The insistence of those above to stick with an unpopular and cost-effective option was another source of contention for fans and, just like it did in 2003, it is a gamble with the club’s top flight status that is likely to backfire. Whereas Moyes appears popular with the dressing room, the same cannot be said for Roeder where his treatment of Di Canio became a sideshow of its own. In refusing to play the outspoken Italian, Roeder sought to win a personal battle over a relegation battle. Needless to say Di Canio eventually played a crucial role under Brooking in the the club’s near escape. Even the cup competitions failed to offer any respite for fans with humiliating defeats to Oldham Athletic and Oxford United in the League Cup 3rd round and spineless 4th round FA Cup exits to Manchester United and West Brom.

Too little too late
Remarkably, the club’s record at the same stage of the season in 02/03 was even worse than 19/20. With only 23 points from 29 games, it was the perfect recipe for relegation; a leaky defence and misfiring albeit talented offence. 19/20 is no different in that regard with only a marginally better goal difference and 27 points.

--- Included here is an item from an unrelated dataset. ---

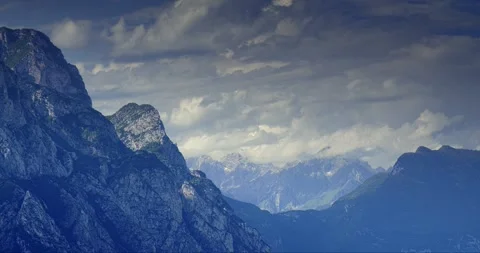 Dynamic Clouds Over Italian Alps Stock Footage 284821311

A disastrous first half to the season forced the owners to reluctantly spend in January with the recently Liverpool-bound Lee Bowyer and proven Les Ferdinand joining with respectable results in 2003 and Tomas Soucek and Jarrod Bowen immediately lifting the team in 2020. The latter’s arrival coincided with an improvement in performances that could have lead to a similar upturn in results as that overseen by Trevor Brooking. Then however, it proved too little to late with the now infamously ‘too good to go down’ West Ham relegated with a Premier League record 42 points. Would the current crop of Hammers had the same misfortune? Perhaps not, but they have somewhat been spared with the suspension of the 19/20 season. Even then, it is clear that the only thing that remains consistent at West Ham is the disappointment.